◆ Task details
Pull out every line from the line containing "Галстук конца стержня" through the end of the material, both ends included, and reproduce it exactly. Keep pictures out.

-- Opening Marker --

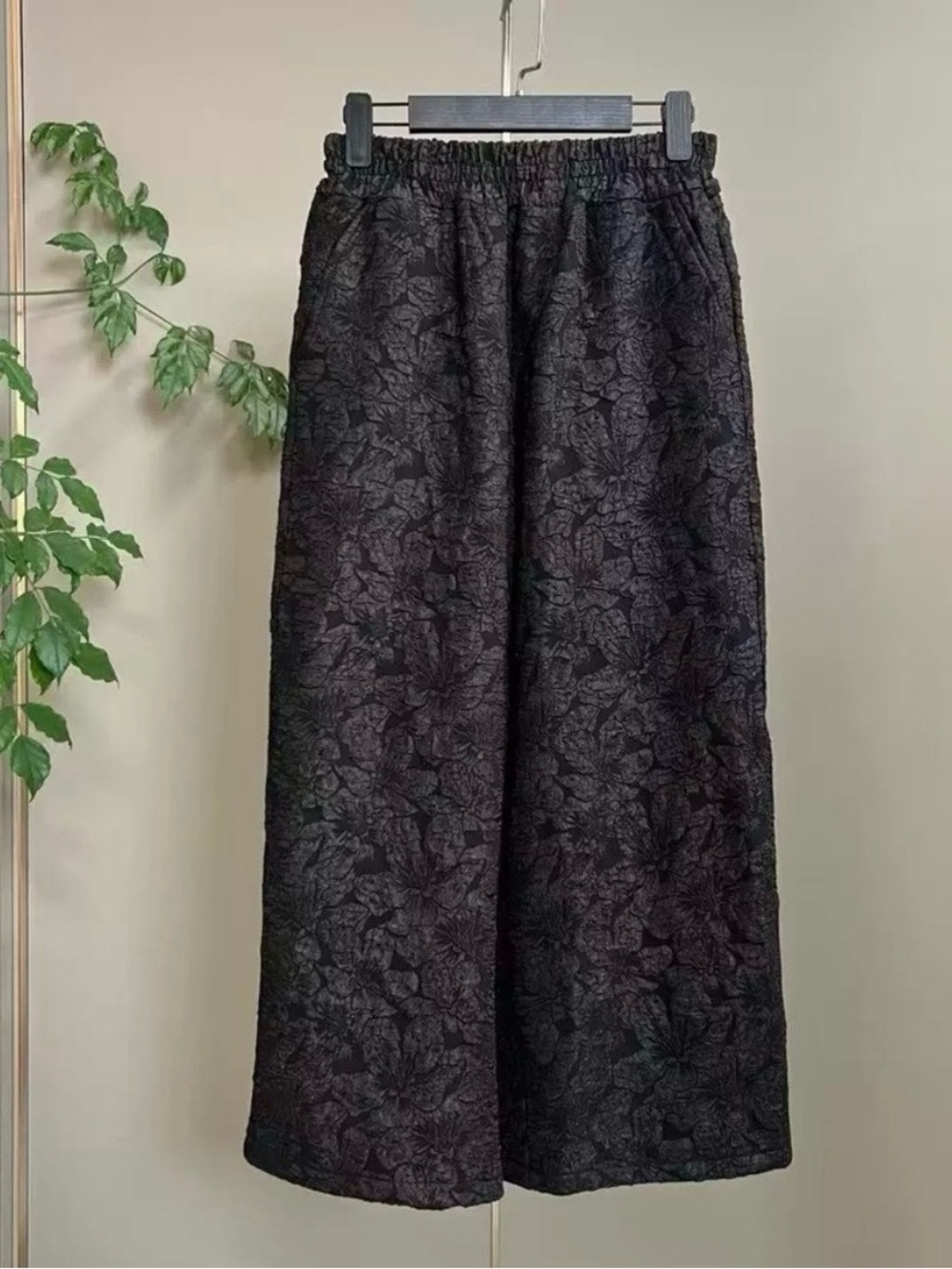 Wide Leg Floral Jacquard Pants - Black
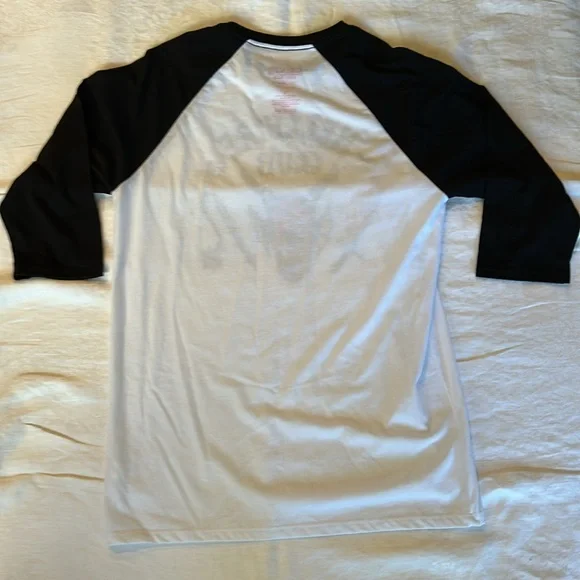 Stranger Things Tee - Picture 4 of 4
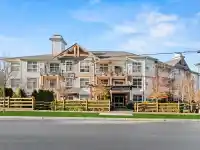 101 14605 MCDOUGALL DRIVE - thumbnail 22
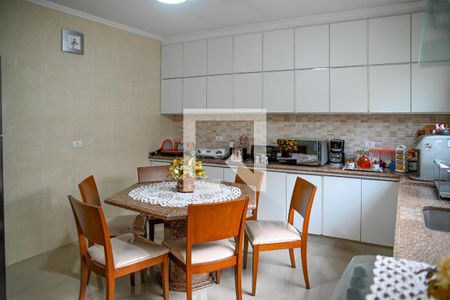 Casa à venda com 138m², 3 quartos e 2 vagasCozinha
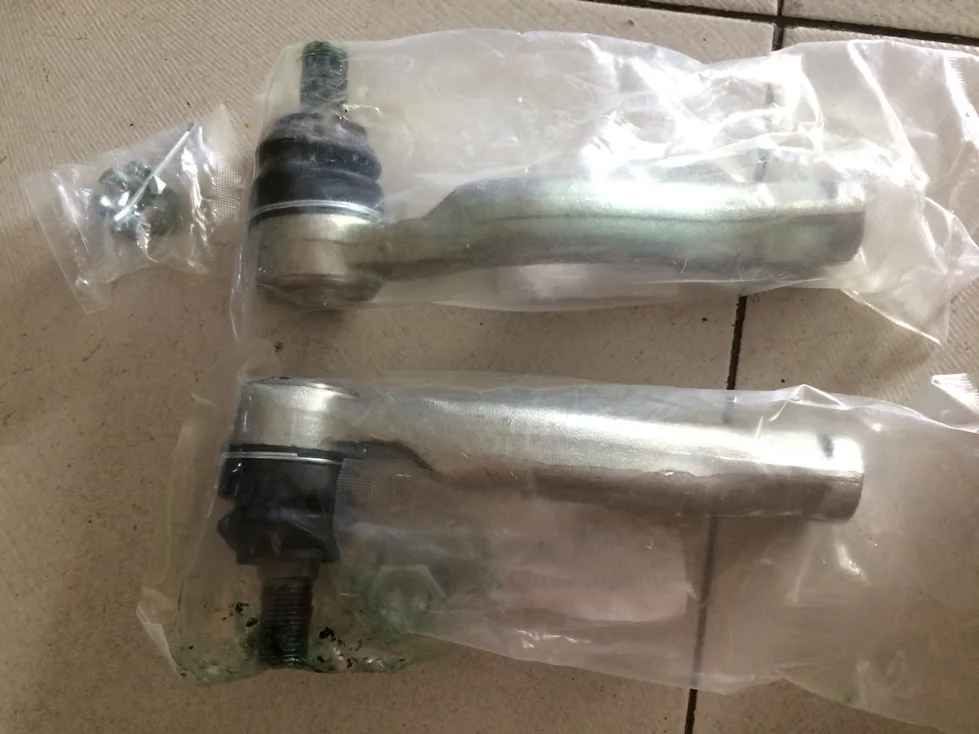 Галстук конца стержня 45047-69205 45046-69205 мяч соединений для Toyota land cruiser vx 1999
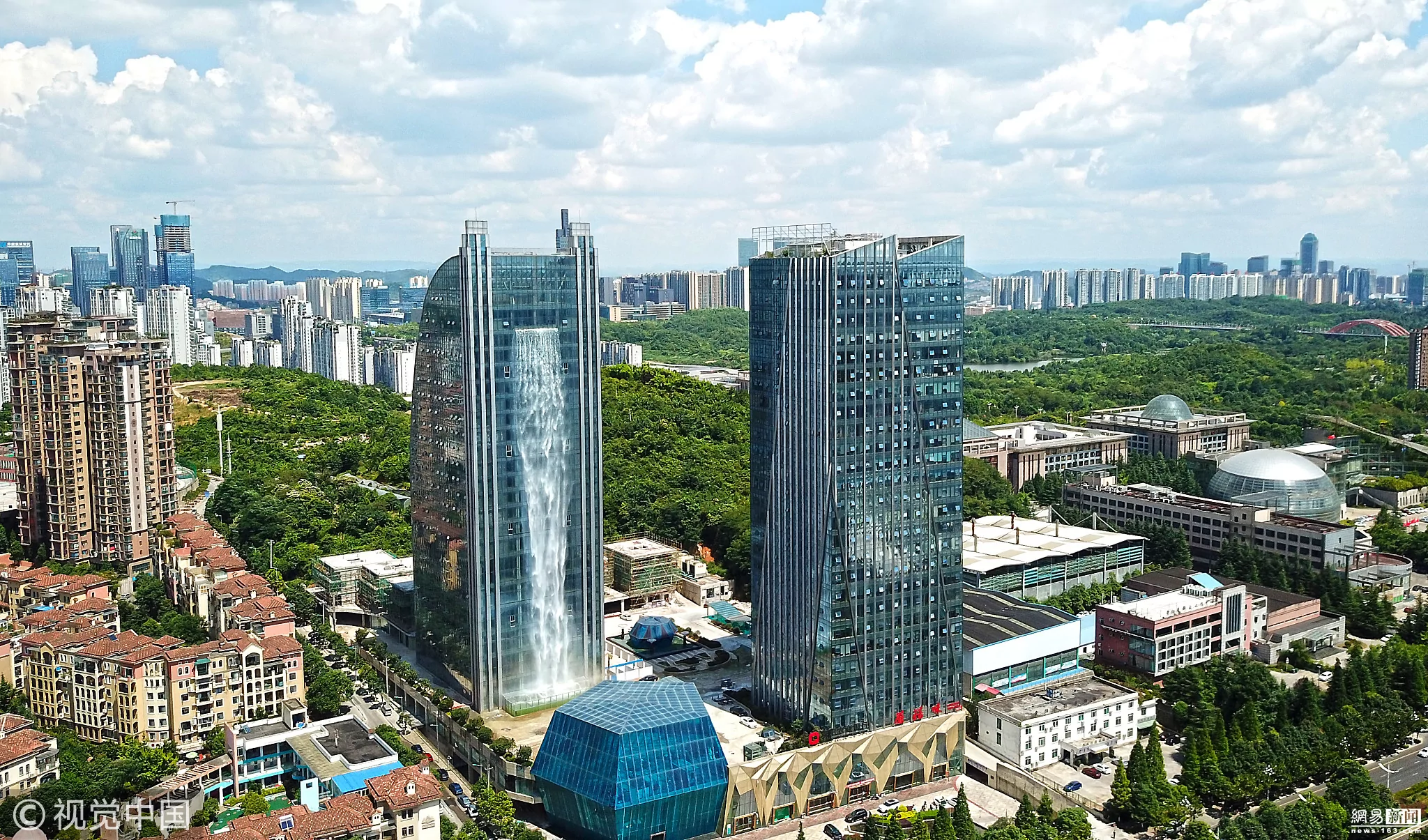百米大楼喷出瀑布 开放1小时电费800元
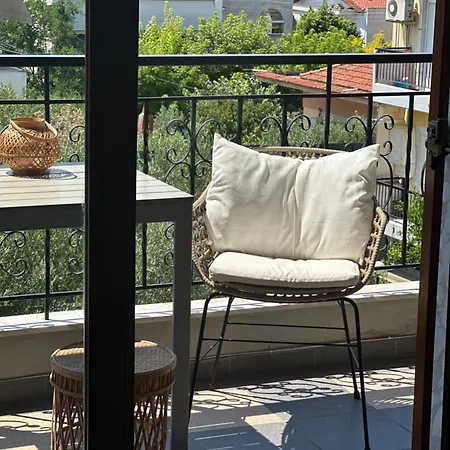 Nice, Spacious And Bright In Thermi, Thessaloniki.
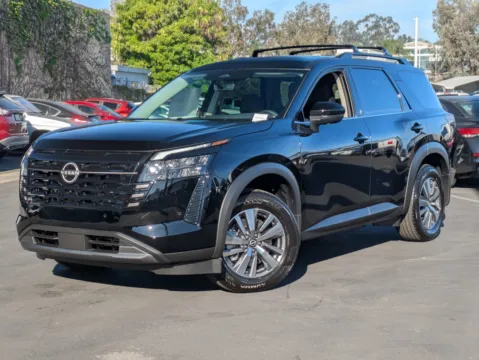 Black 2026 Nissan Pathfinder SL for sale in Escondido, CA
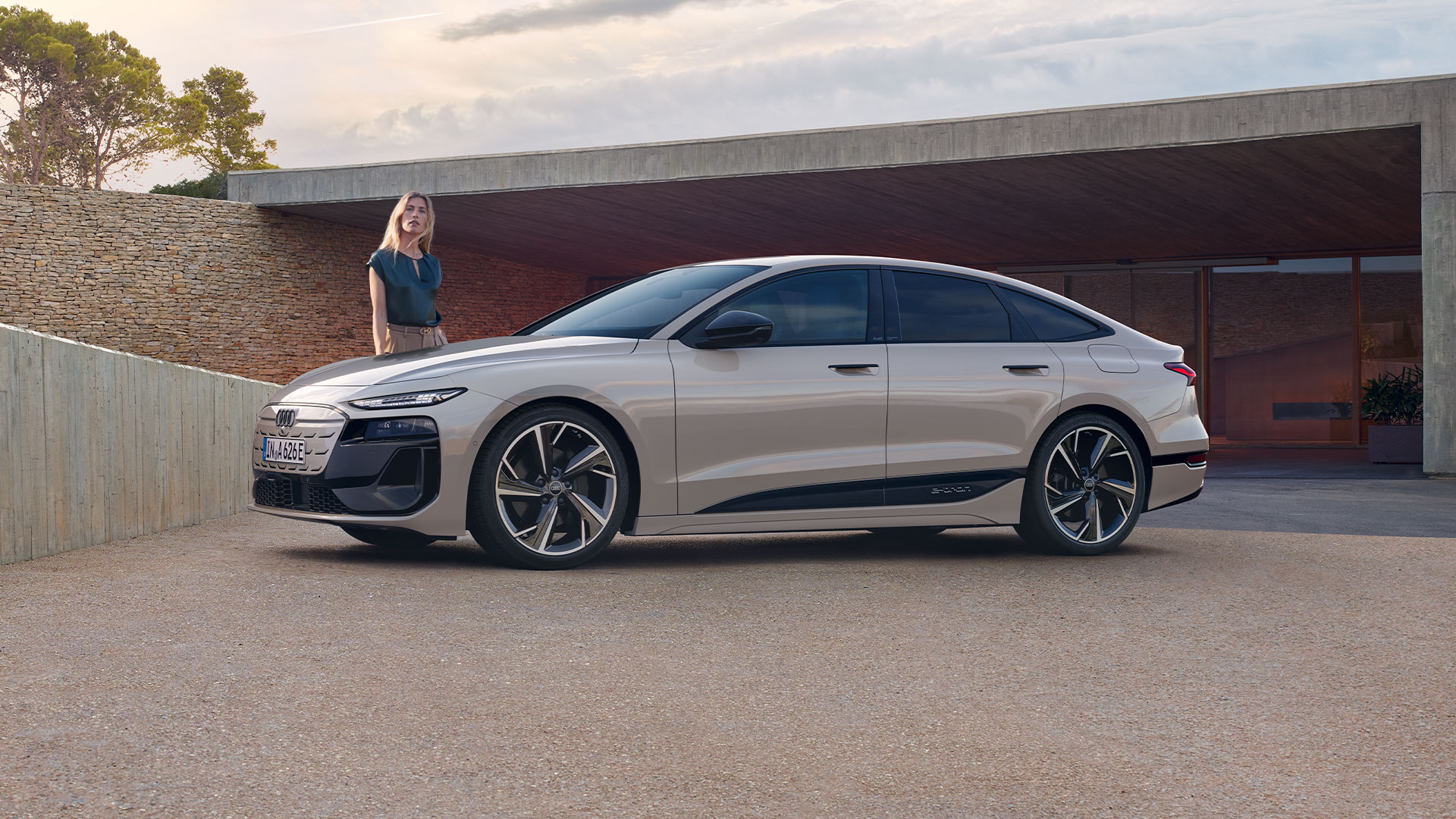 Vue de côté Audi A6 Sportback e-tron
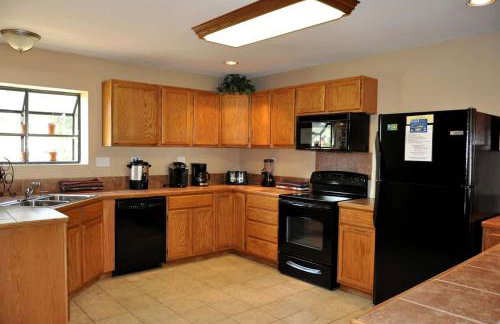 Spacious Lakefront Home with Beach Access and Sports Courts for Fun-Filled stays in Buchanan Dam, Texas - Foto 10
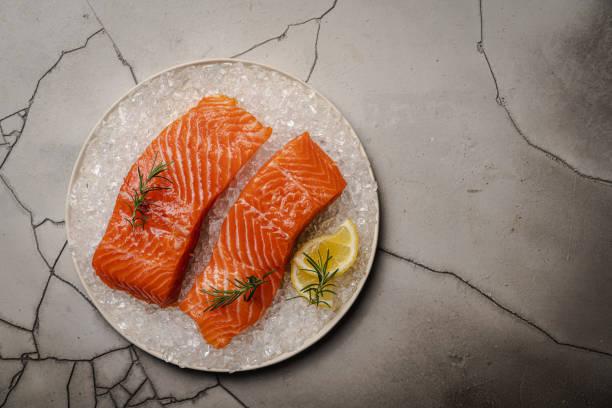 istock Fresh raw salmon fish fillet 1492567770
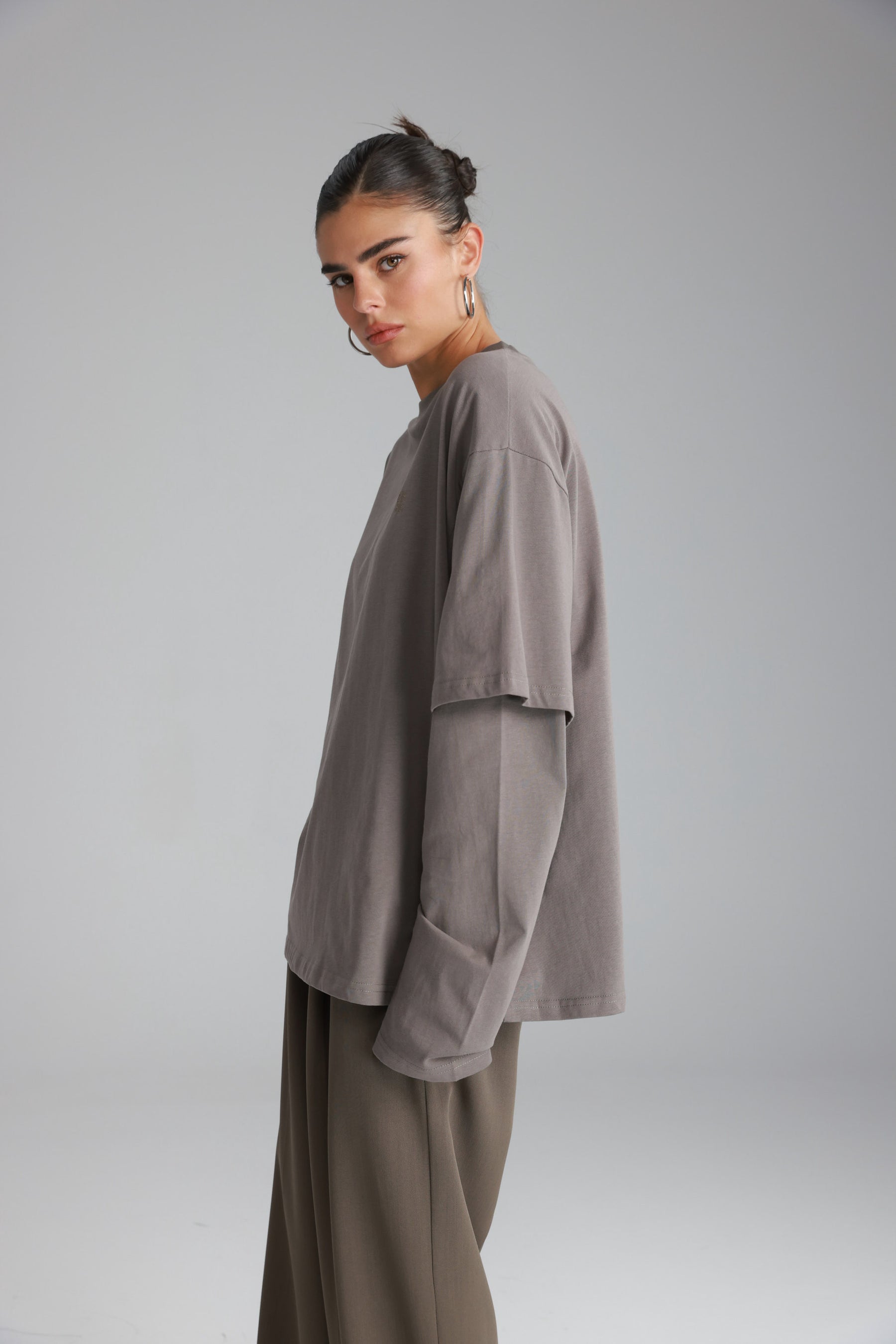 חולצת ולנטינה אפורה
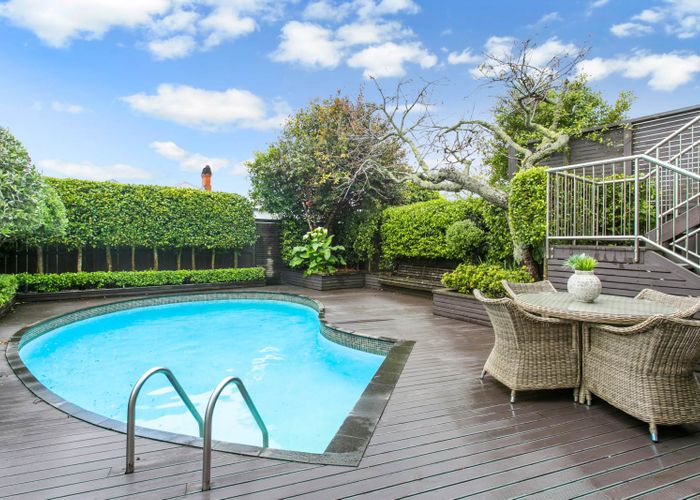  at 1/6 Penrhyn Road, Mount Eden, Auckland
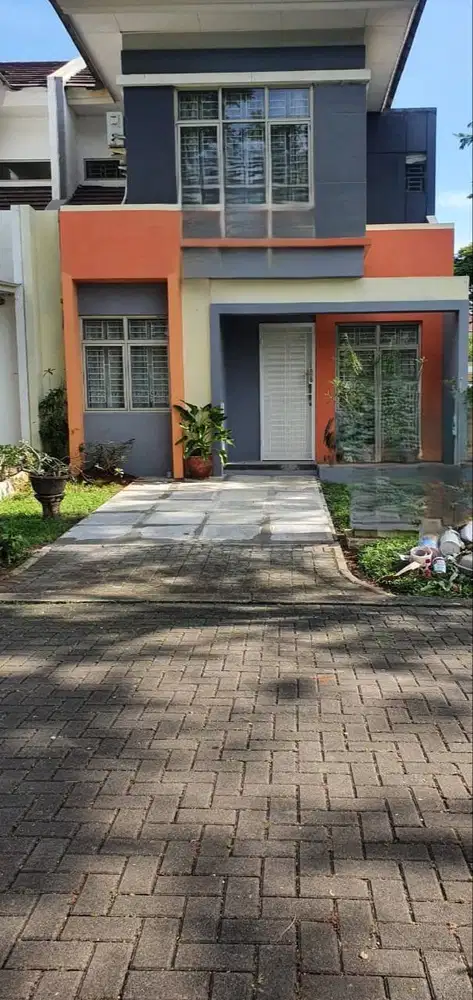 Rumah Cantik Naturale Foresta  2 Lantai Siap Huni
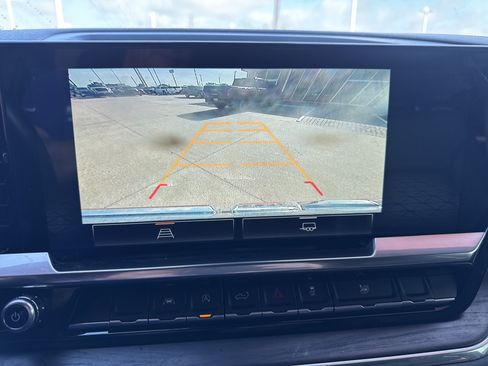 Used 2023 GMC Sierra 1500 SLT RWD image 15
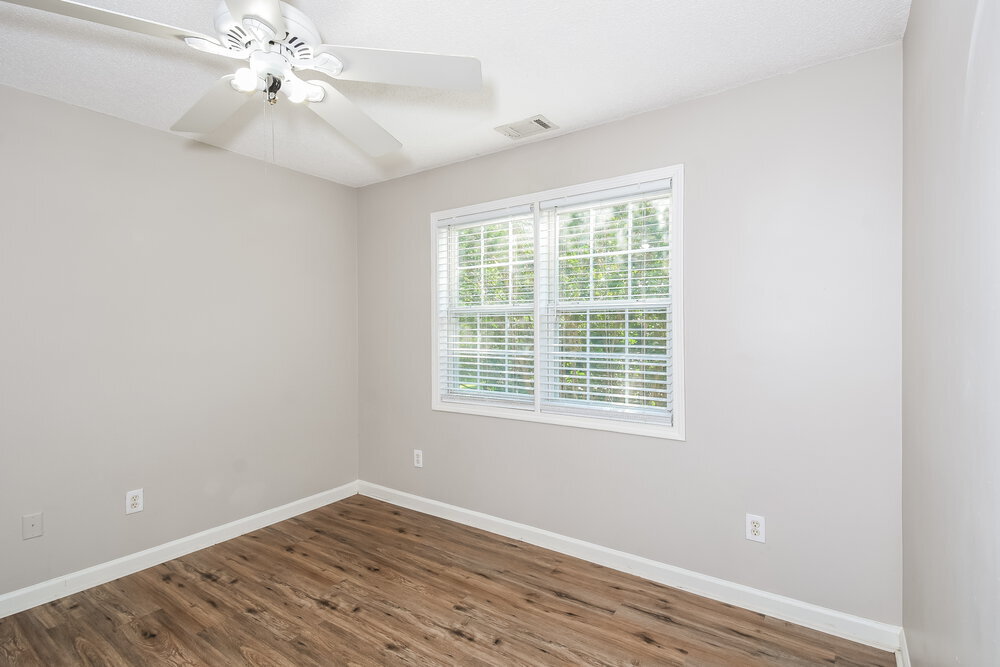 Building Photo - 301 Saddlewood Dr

-- Closing Marker --

◆ Written reply
 Галстук конца стержня 45047-69205 45046-69205 мяч соединений для Toyota land cruiser vx 1999
百米大楼喷出瀑布 开放1小时电费800元
 Nice, Spacious And Bright In Thermi, Thessaloniki.
 Black 2026 Nissan Pathfinder SL for sale in Escondido, CA
 Vue de côté Audi A6 Sportback e-tron
 Spacious Lakefront Home with Beach Access and Sports Courts for Fun-Filled stays in Buchanan Dam, Texas - Foto 10
 istock Fresh raw salmon fish fillet 1492567770
 חולצת ולנטינה אפורה
  at 1/6 Penrhyn Road, Mount Eden, Auckland
 Rumah Cantik Naturale Foresta  2 Lantai Siap Huni
 Used 2023 GMC Sierra 1500 SLT RWD image 15
 Building Photo - 301 Saddlewood Dr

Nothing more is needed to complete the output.